Today wasn’t the day I was hoping it would be. But it was good, nonetheless. I’ve been trying to have a meeting between two of my advisors – two that have never met, even though they are in the same time. I want them to work on something together. We just can’t seem to sync our schedules for it. It’s pushed back to Wednesday next week. This is the 3rd reschedule. That is always a little frustrating.
I guess that means I’ll be super-prepared for the meeting when it finally happens. The funny thing about this is that there is very little that I have to do. They either like each other, and the project, and want to work on it together… or they don’t.
In other news, we worked on the robot design a little today. Nothing significant to report, yet.
Because I had time to kill, waiting for the meeting that was originally postponed, and then ultimately cancelled, I simply poked around on my laptop for a couple hours. I spent quite a while working on email, our mail server, and both of our webservers. In short, none of these basic infrastructure assets are where I’d like them to be.

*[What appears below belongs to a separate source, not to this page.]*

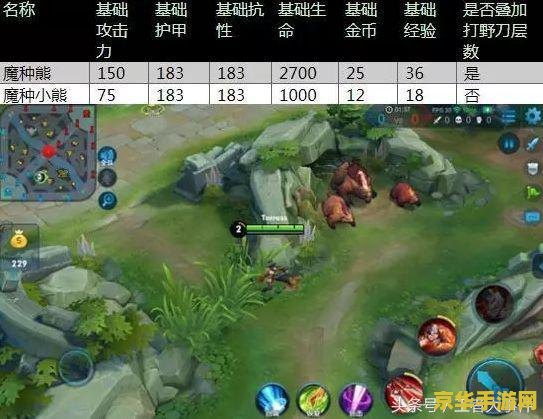 王者荣耀怎么下雨 王者荣耀中如何模拟下雨效果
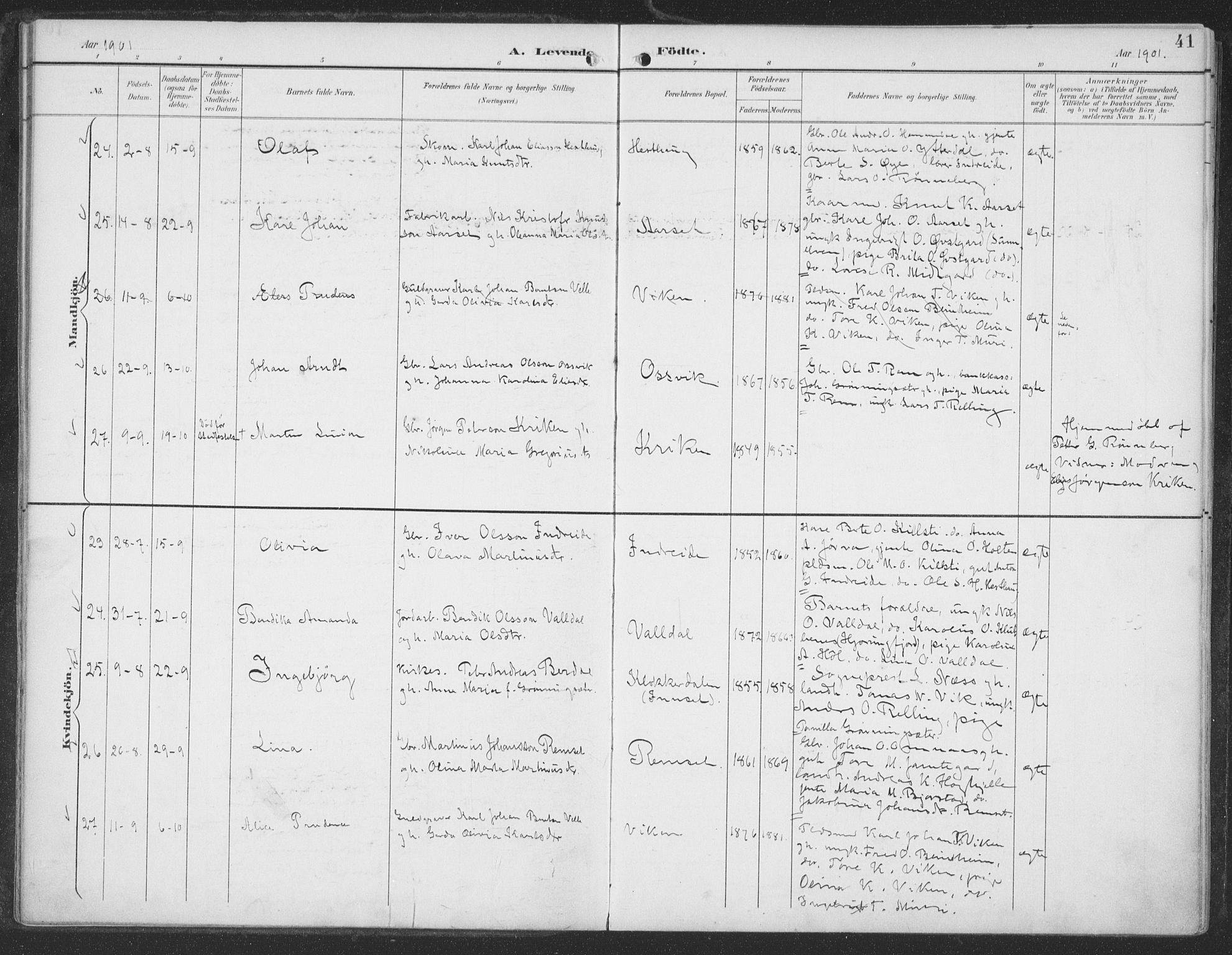 Ministerialprotokoller, klokkerbøker og fødselsregistre - Møre og Romsdal, AV/SAT-A-1454/519/L0256: Parish register (official) no. 519A15, 1895-1912, p. 41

Josh is taking point on getting this stuff organized. I’ve asked if we can have our updated database up and running this weekend. He thinks he can. If that happens, then I’ll begin the next phase of the communications re-start: surveys of the $100+ backers.
A couple folks asked about more information regarding the Technical Advisor Council. Put bluntly, I rely on folks a lot smarter than me to figure out certain aspects of this project. This ad hoc / volunteer community has been mostly stagnant for the past year. My goal in re-activating them is to receive a formalized commitment regarding their role on this project. I’m developing a contract, organizing their contact information, and collecting their bio, resume/cv, any papers they may have written which relate to this project, and any social media information they are willing to share.
Later, as capital is available, I’ll assign works-for-hire research contracts for specific problems that need to be resolved. Obvious problems include: ‘How long is the Ribbon?’, ‘What is the Ribbon made of?, ‘How do we anchor to the surface of the Moon? Non-obvious issues might be: “What are the historic, cultural and theological implications of harvesting lunar regolith?”, “Who ‘owns’ the system we’re building, once it touches down on the Lunar surface?”, “How – specifically – do we pay for this thing?”
Each of these questions, and thousands more, need answers. Fortunately, this project attracts some very very smart people, and in most cases, we’ve got experts who can begin to tackle these Challenges. I continue to recruit more experts.